Ever since had had first lost the strange man in the city crowds, Kaoru had been keeping an eye out for him: he had visited Kai's café every day and stayed as long as he possibly could, bringing his notes and his reports and completing his work diligently at one or another of the cracked formica tables, whilst Kai clucked over him and fed him black coffee. Without seeing the man again, he had absolutely nothing to go on apart from the little hole-in-the-wall eatery and a name that sounded awfully made up, and so he had no other choice. He drank coffee until his nerves were jangling and his blood felt like it was tap-dancing its way through its ears, but Reita stubbornly refused to appear and it showed on Kai's face.

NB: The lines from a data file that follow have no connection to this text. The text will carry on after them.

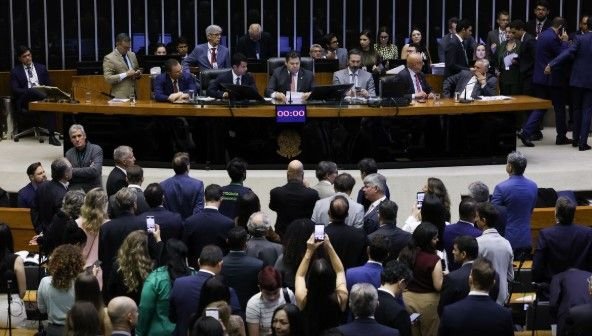Senado vota nesta quarta-feira a PEC que acaba com a jornada 6x1 e reduz carga horária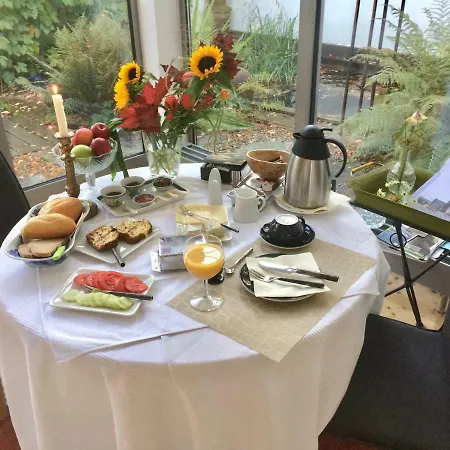 Art Lovers Oda ve Kahvaltı 3*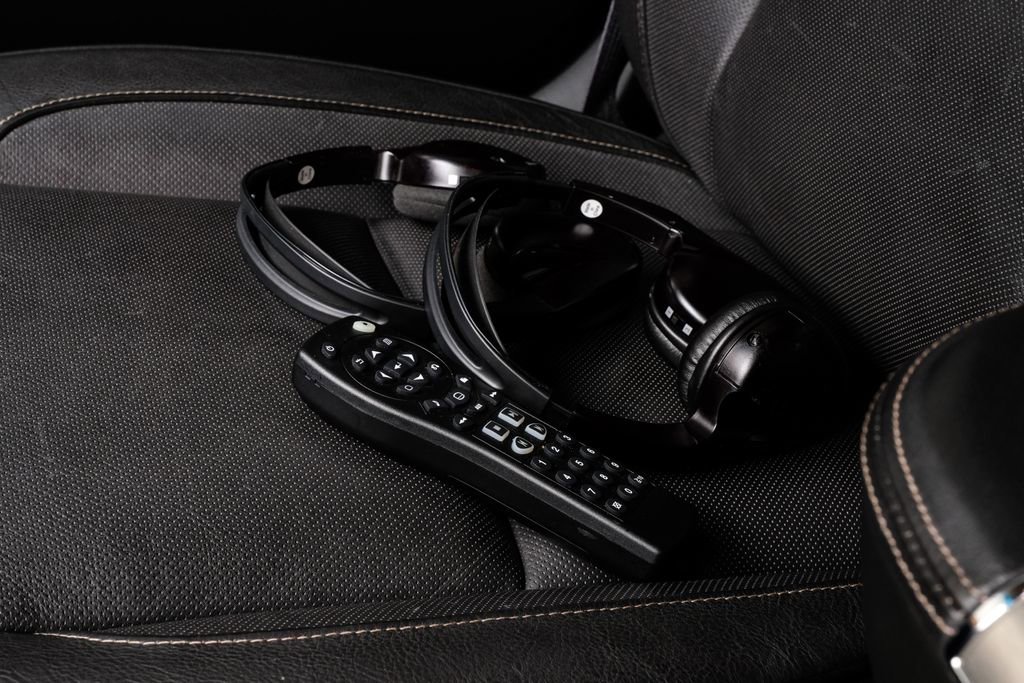 Used 2013 Cadillac Escalade Platinum AWD/4WD image 41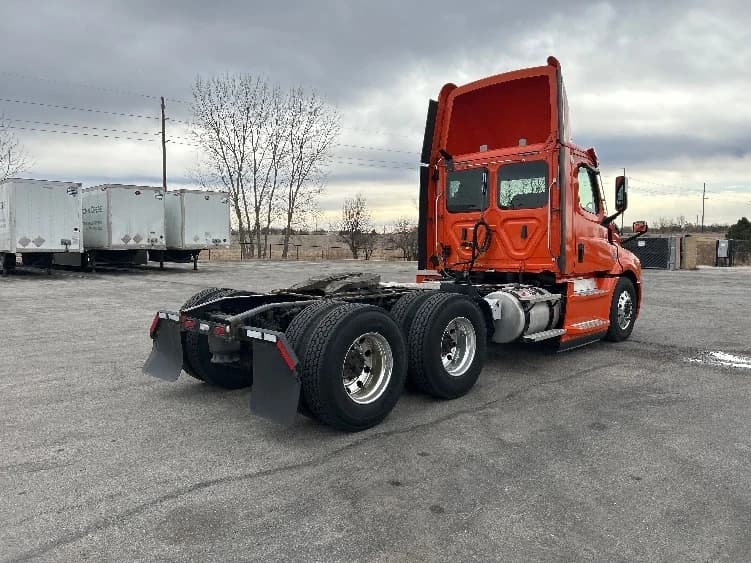 2020 Freightliner Cascadia in Peosta, IA — photo 7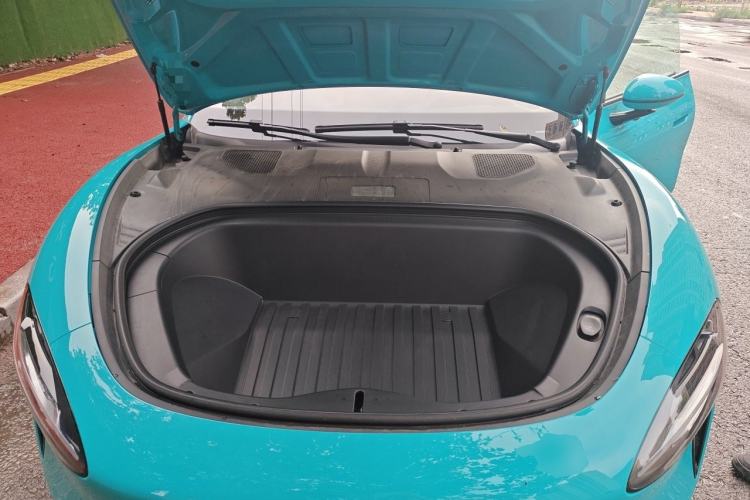 Used Xiaomi Auto SU7 2024 Four-Wheel Drive Ultra-Long Range Advanced Intelligent Driving Max Edition Engine Bay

“I just don't understand,” he had said fretfully, tearing a paper napkin into little shreds, “He comes in every day. I mean, every day. Even when he's sick!”
It made Kaoru feel guilty, as though he had scared Reita away, but it also made him feel like he might have been right. Innocent people didn't fade away, after all; it was only the guilty who made a business of disappearing.
Which meant that he did have something to hide.
But then, Kaoru thought agitatedly, it seemed almost everybody had something to hide, these days. Absolutely everybody. All you had to do was find the key to the closet, and from there you could sit back and watch the skeletons fall.
A/N: Shinya headbutting Die in the face – okay, so true confession time, I once did this to my boyfriend. We were in his room in his student house and one of his roomies came barging in unexpectedly, and I jumped so hard that I smacked my eye into his nose. He was in agony, I got a black eye. Luckily, we agreed not to talk about it again, following an incident wherein he sleep-punched me in the boob. Because romance.
Also, Kyo feeling like he first met Toshiya forever ago? You and me both, buddy.